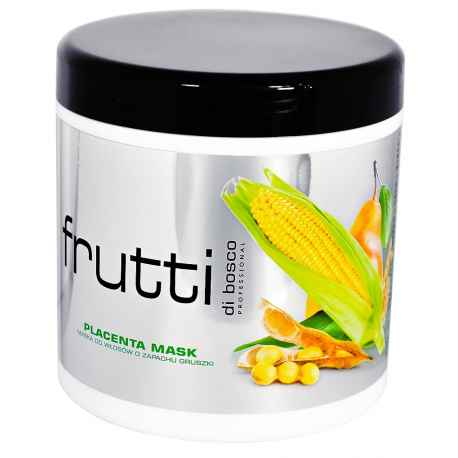 Maxx Frutti di bosco maska do włosów gruszka z placentą 1000 ml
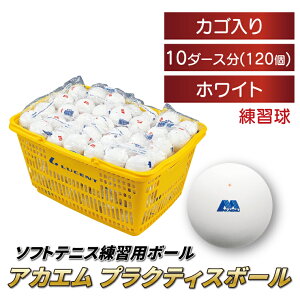 【ふるさと納税】 アカエムボール ソフトテニス ボール テニス 1ダース 12個 色が選べる 軟式 公認球 公認試合球 アカエム 赤エム アカM AKAEMU テニスボール 軟式テニス ルーセント 人気 おす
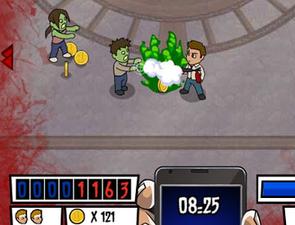 殭屍搶我手機 殭屍搶我手機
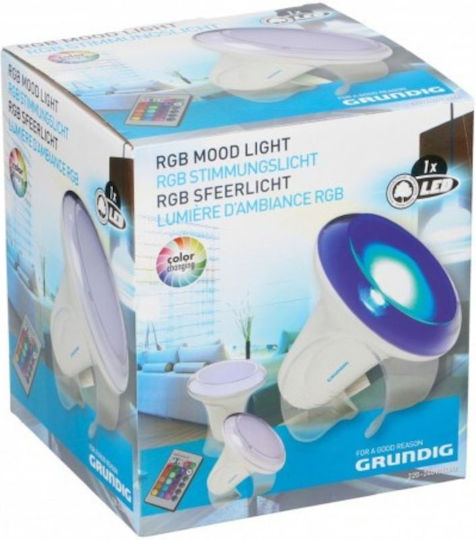 Grundig Διακοσμητικό Φωτιστικό LED RGB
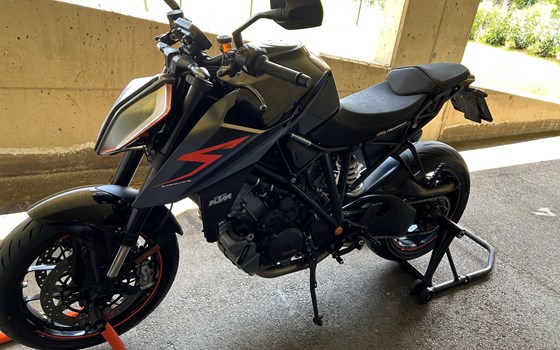 Gebrauchtmotorrad KTM 1290 Super Duke R - Bild 7
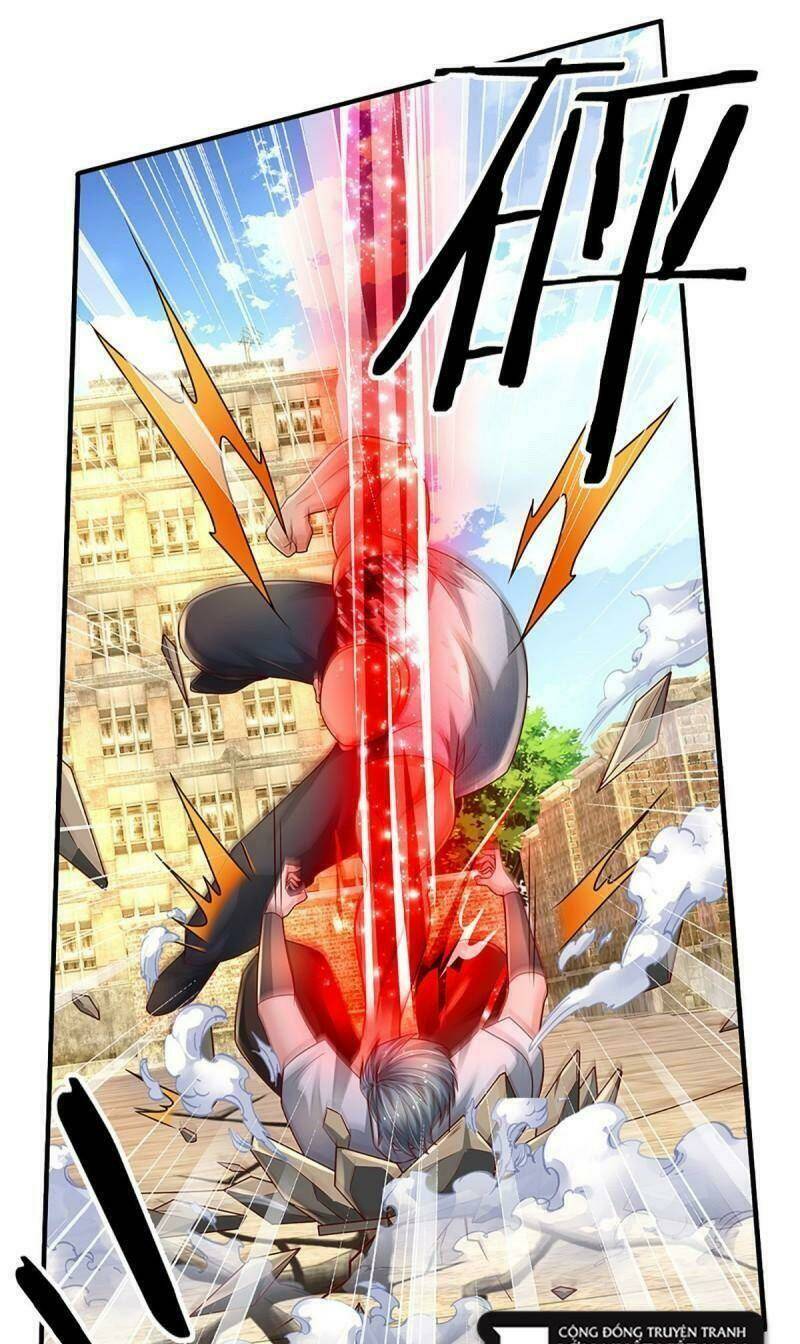 Luyện Thể Trăm Nghìn Tầng Chapter 131 - Trang 2
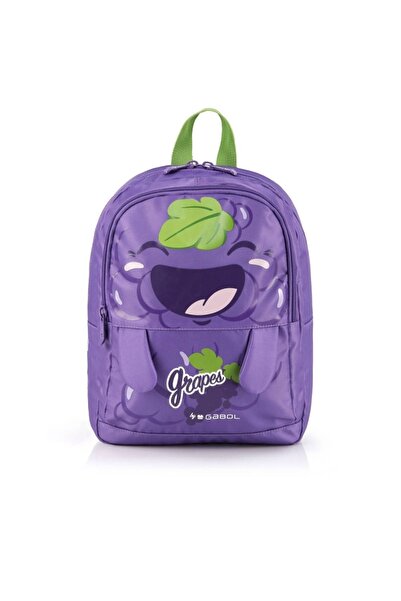 Gabol Ghiozdan scolar, Gabol, Tutti Frutti, Grapes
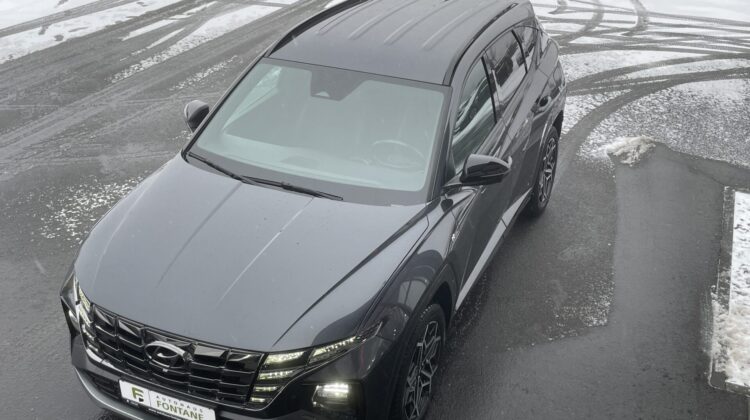 Tucson N Line Hybrid 2WD AHK Sitz-P. ACC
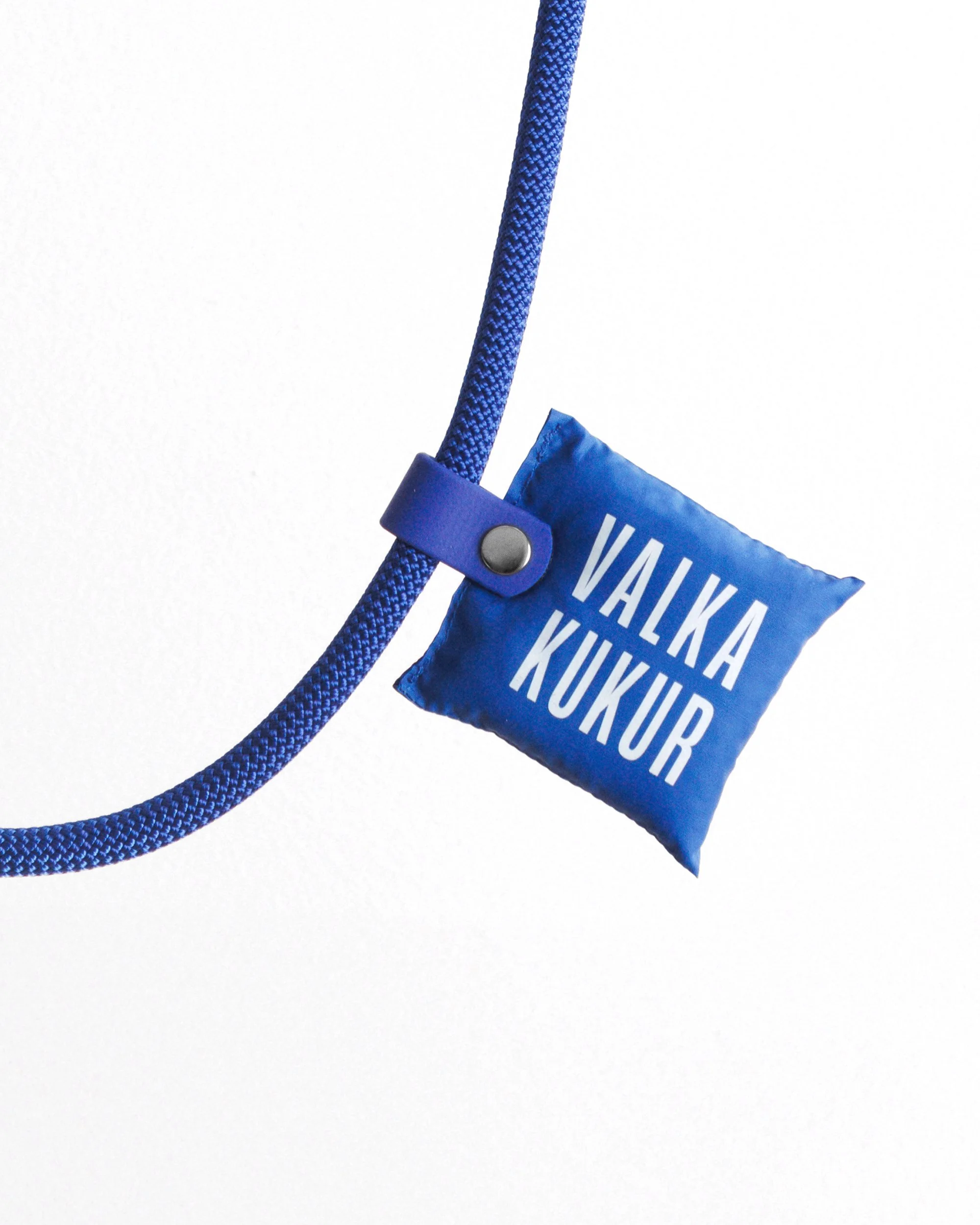 BOLD SET in Royal Blue — VALKA KUKUR Modern sophsticated leashes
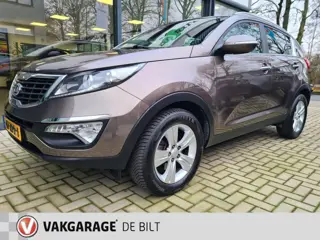 Kia Sportage 2.0 Plus Pack Automaat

### Work item:
Omit the pictures and reproduce the listing exactly.

### Task solution:
 Maxx Frutti di bosco maska do włosów gruszka z placentą 1000 ml
 【ふるさと納税】 アカエムボール ソフトテニス ボール テニス 1ダース 12個 色が選べる 軟式 公認球 公認試合球 アカエム 赤エム アカM AKAEMU テニスボール 軟式テニス ルーセント 人気 おす
 殭屍搶我手機 殭屍搶我手機
 Grundig Διακοσμητικό Φωτιστικό LED RGB
 Gebrauchtmotorrad KTM 1290 Super Duke R - Bild 7
 Luyện Thể Trăm Nghìn Tầng Chapter 131 - Trang 2
 Gabol Ghiozdan scolar, Gabol, Tutti Frutti, Grapes
 Tucson N Line Hybrid 2WD AHK Sitz-P. ACC
 BOLD SET in Royal Blue — VALKA KUKUR Modern sophsticated leashes
 Kia Sportage 2.0 Plus Pack Automaat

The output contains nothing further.